暴力の港 虎と狼
劇場公開日:1965年10月30日
解説
火野葦平の原作を「続・柔旋風 四天王誕生」でコンビの本山大生と松村楢宏が脚色し、元新東宝監督の土居通芳が監督したアクションもの。撮影は本田茂樹。
1965年製作/84分/日本
配給:松竹
劇場公開日:1965年10月30日
ストーリー
戦後の混乱期、小さな港町に君臨する暴力団、通称ハマトラこと浜中虎吉は戦後の新興勢力として港随一の勢力を誇っていた。そしてこの勢力に対抗するのが、昔ながらの仁義を守って鳴りをひそめている塩辰こと塩田辰五郎だった。

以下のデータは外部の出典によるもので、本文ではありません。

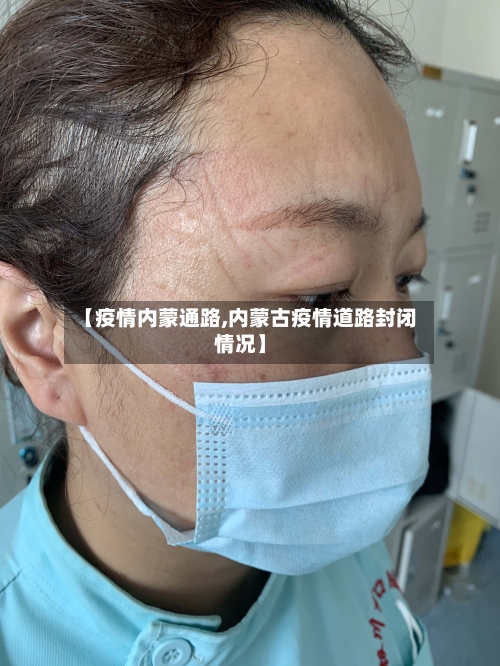 【疫情内蒙通路,内蒙古疫情道路封闭情况】-第2张图片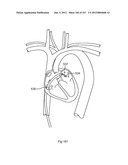 ROBOTIC CATHETER SYSTEM diagram and image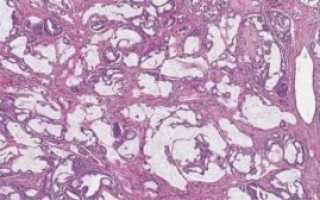 Муцинозная аденокарцинома легкого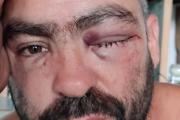 Ataque piraña: Denuncian golpiza y robo a un músico de la banda "Trasnochados"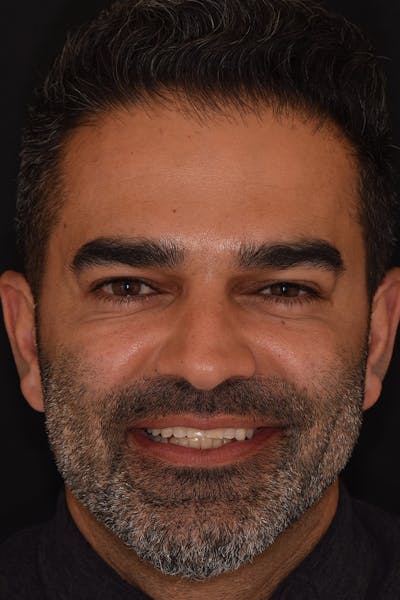 Patient Smile Before & After Gallery - Patient 104193 - Image 1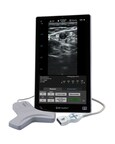 BD Launches Advanced Vascular Access Ultrasound System Designed to Improve Clinician Efficiency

ハマトラは参謀格の野々木大作と塩辰打倒を計画していた。そうしたある日、ハマトラの娘ミネは、部下の竹下太郎、次郎らに命じて貨物船の積荷を略奪しようとした。が、これは塩辰の代貸し安住健次の出現によって失敗に終った。健次はかつて特攻隊員として国のために若い生命を捨てることを惜しまなかったが、敗戦のショックはあまりに大きく、生きる目的を失い、虚無的な気持で復員した。健次は、すさんだ明け暮れを重ねるうち塩辰一家に身をおくようになったのだった。健次の登場は、男嫌いで通して来たミネの心に微妙な変化を与えた。そうしたある夜、拳銃を手土産にやくざ志願の青年波切剛がハマトラ一家を訪れた。剛もまた特攻隊の生残りで、少年航空兵時代は健次とは師弟関係にあったのだった。その頃健次は、かつての恋人夏江を訪れ、五年ぶりの邂逅をなつかしんでいた。これを知ったミネはどす黒い嫉妬の炎を燃やし、自分の体を代償に大作をケシカケ、夏江を暴力で犯させた。これをあばこうとした新聞記者高瀬は、眼をえぐられ重傷を負った。一方の剛は、教会で一人オルガンを弾く娘田代光子に魅かれていったが、光子に水産試験所に勤める恋人伊吹がいるのを知り、さびしく光子から離れていった。その頃、塩辰一家の人気者サブが、ハマトラ一家によって惨殺された。つもりつもっていた健次の怒りは爆発し、健次をはじめとする塩辰一家は、ハマトラ一家と対決した。激烈な市街戦の末、健次は大作を倒した。しかし、みのらぬ恋を無理心中で果そうとしたミネの銃弾に健次も息絶え、ミネも死んでいった。無頼の徒は全滅し、町はまた静けさを取りもどした。